Featured image: Morning in Akagera.
By Isaac Wilks
Our battle-tested Land Cruiser glided rhythmically across the savanna, coaxing Daud and I awake. We had slept through most of the two-and-a-half-hour drive from Kigali to Rwanda’s far east, thanks to our hired Jeep’s suspension creating an undulating, pillowy buffer between us and the crags of the ochre-dirt roads. A few days ago, these same roads had taken us nearly five hours to traverse in a juddering minibus that took the bumps like a wild bull, its trunk flying open as the aluminum chassis pitched and dove.
Like all mid-autumn Rwandan sunrises, dawn had come slowly and without fanfare, soaking the sky with a soft grey-blue light. Yellowish grasses spread around us, enveloping the gentle slopes of the hill crowned by the game trail. Far off the hill to our right, a silvery smudge of a lake glimmered beneath the silhouetted ridges of western Tanzania. The plains ahead beckoned with the prospect of safari. Through the fog of sleep deprivation, I did my best to rein in my default shell of self-aware cynicism and fell hard into Lion King romanticism.
Akagera National Park was established by the colonial Belgian government in 1934, and at one time covered nearly a thousand square miles of Rwanda’s eastern border with Tanzania. The park thrived for much of the 20th century, with the introduction of black rhinos from Tanzania in 1957 leading to a population of around fifty rhinos by the 1970s. In 1986, Masai giraffes were introduced from Kenya and thereafter increased healthily in number. What’s more, by 1990, the park boasted nearly 300 lions.
However, the 1994 genocide against the Tutsi brought the park close to obliteration, like nearly everything in Rwanda. Lawlessness and the chaotic upheaval of masses of people spelled near-total destruction for Akagera. The return of thousands of refugees to the country in 1997 forced the government to nearly halve the size of the park, allocating the land for resettlement and livestock grazing. The intentional poisoning of cattle carcasses by farmers led to the total extinction of the park’s wild dog population. The entire lion population was poached to death in a few years’ time, and the rhinos met a similar fate, with the last sighting reported in 2007. By 2009, the Rwandan government concluded that they had around two years to act before the iminent onset of total ecosystem destruction.

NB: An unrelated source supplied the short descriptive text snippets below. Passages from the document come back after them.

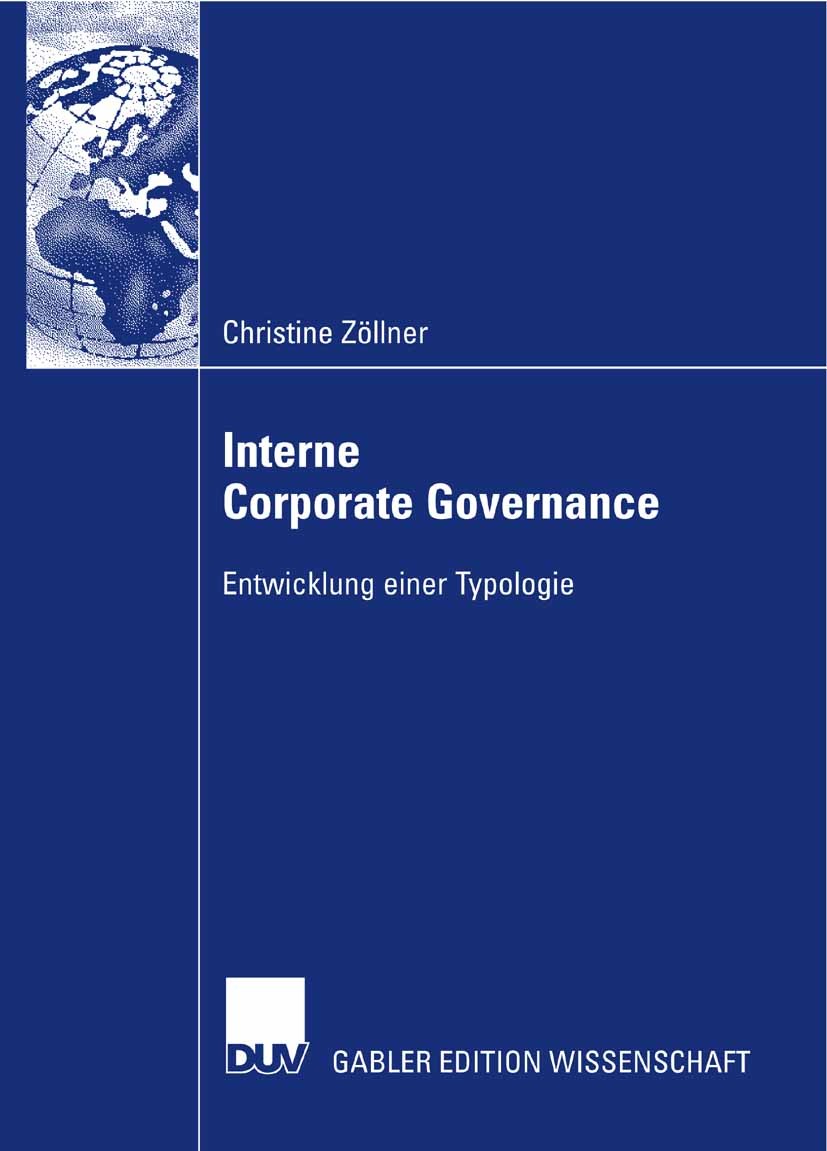 Titlebook: Interne Corporate Governance; Entwicklung einer Ty Christine Zöllner Book 2007 Gabler Verlag | Springer Fachmedien Wiesbaden GmbH, Wiesbade Titlebook: Interne Corporate Governance; Entwicklung einer Ty Christine Zöllner Book 2007 Gabler Verlag | Springer Fachmedien Wiesbaden GmbH, Wiesbade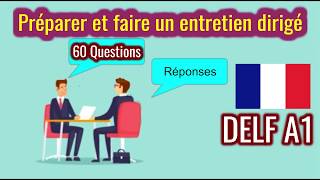 Préparer et faire un entretien dirigé DELF A1  60 Questions [upl. by Combs]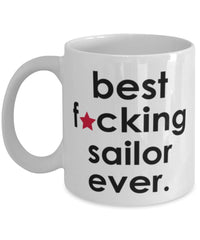 Funny B3st F-cking Sailor Ever Coffee Mug White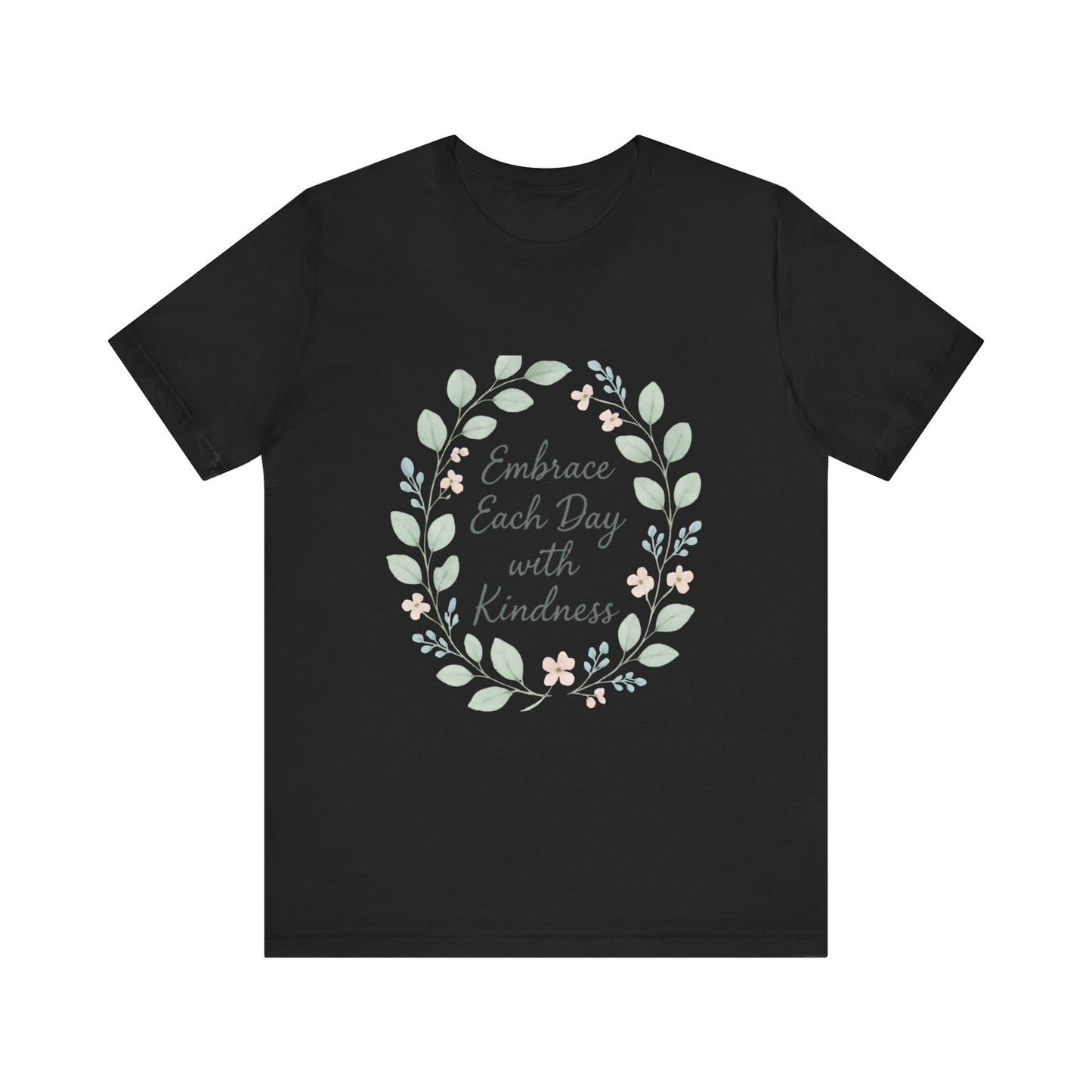Embrace Each Day with Kindness Tee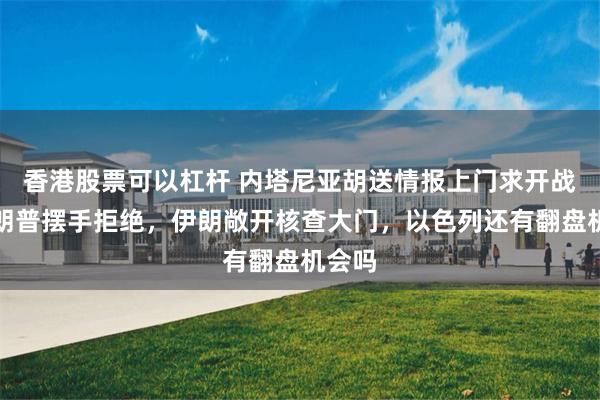 香港股票可以杠杆 内塔尼亚胡送情报上门求开战，特朗普摆手拒绝，伊朗敞开核查大门，以色列还有翻盘机会吗
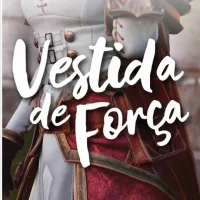 Vestida de Força Vestida de Força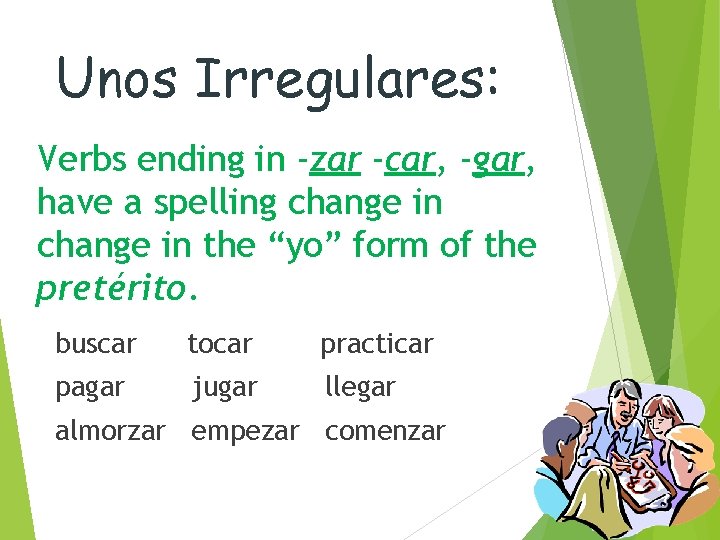 Unos Irregulares: Verbs ending in -zar -car, -gar, have a spelling change in the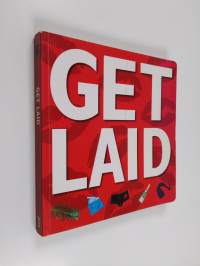 Get Laid - 152 Ways to Seal the Deal
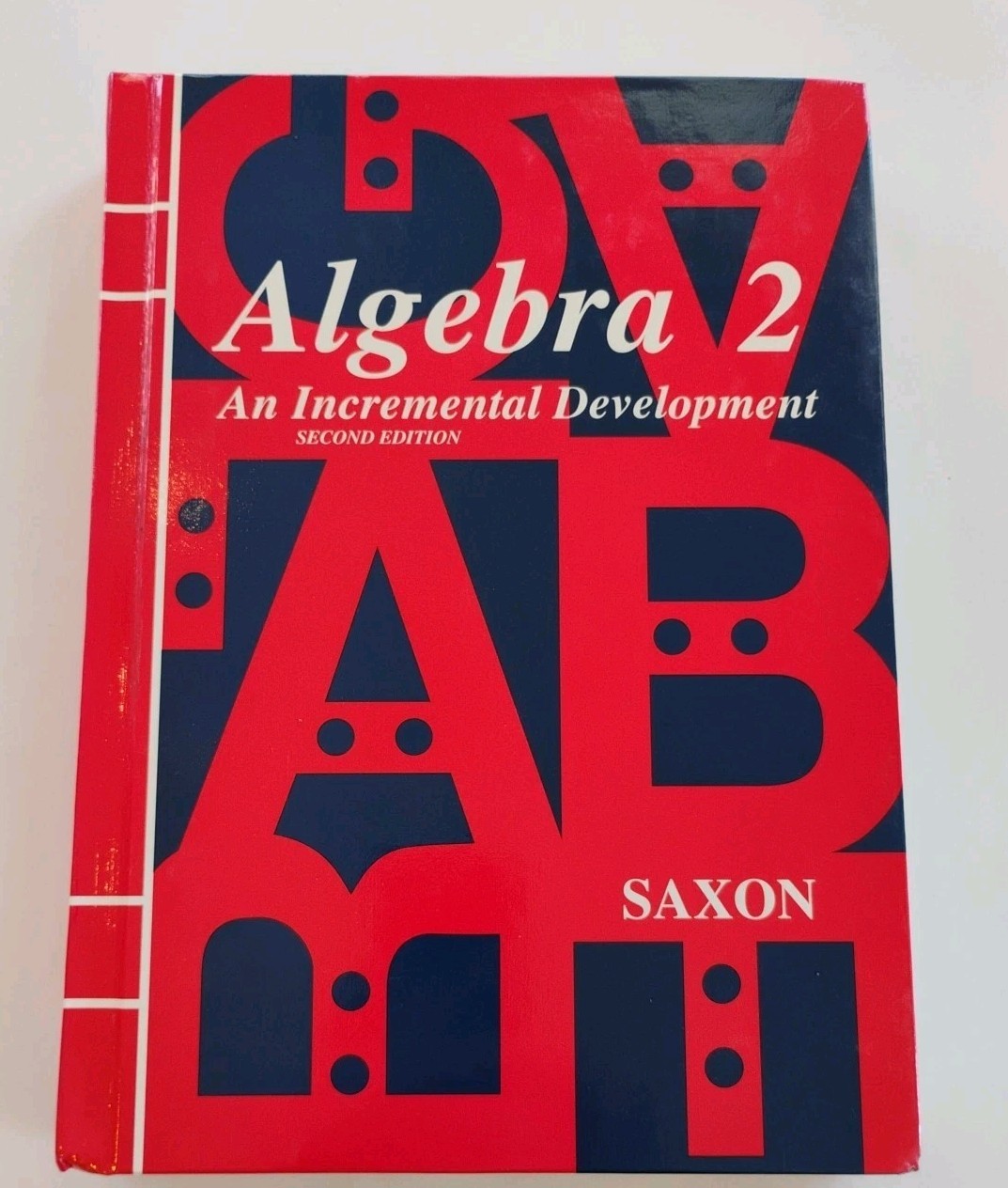 Saxon Algebra 2: An Incremental Development, 2nd Edition by John H. Saxon, Jr.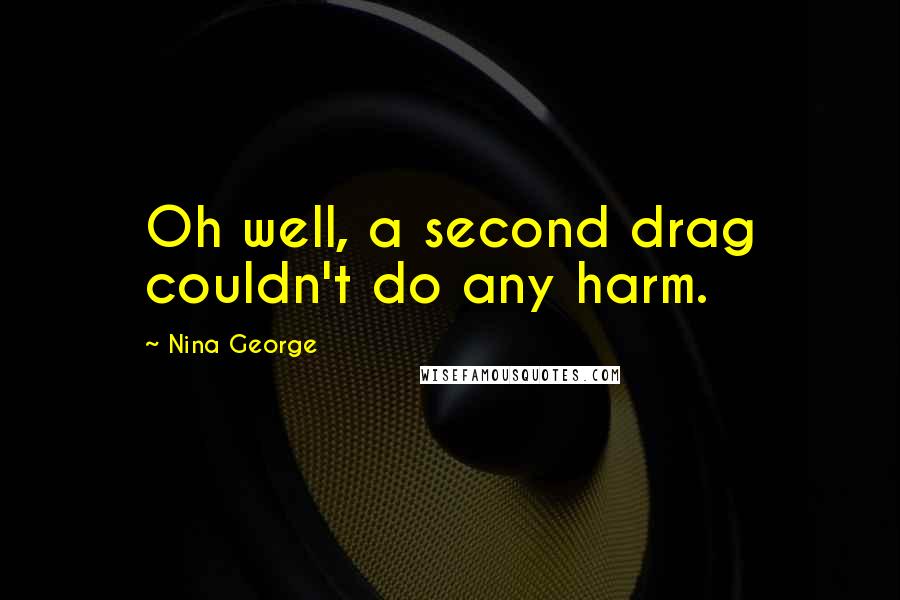 Nina George Quotes: Oh well, a second drag couldn't do any harm.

But again, like nearly everything in Rwanda, the park’s recent history charts a course of conscientious, purposeful hope. That same year, the government and the African Parks Network hammered out a joint-management scheme for the park, which was up and running by 2010. Millions of dollars began to pour into the distressed park, which translated into electric fencing, a surveillance helicopter, and crack wildlife tracking and anti-poaching security teams that brought Akagera back from the brink. The new management took stock of the remaining large mammals—4,000 in number—and got to work. In 2015, seven lions were reintroduced, who today number over 20, and in 2017, twenty black rhinos were reintroduced. By 2018, the large mammal population had swelled to nearly 14,000.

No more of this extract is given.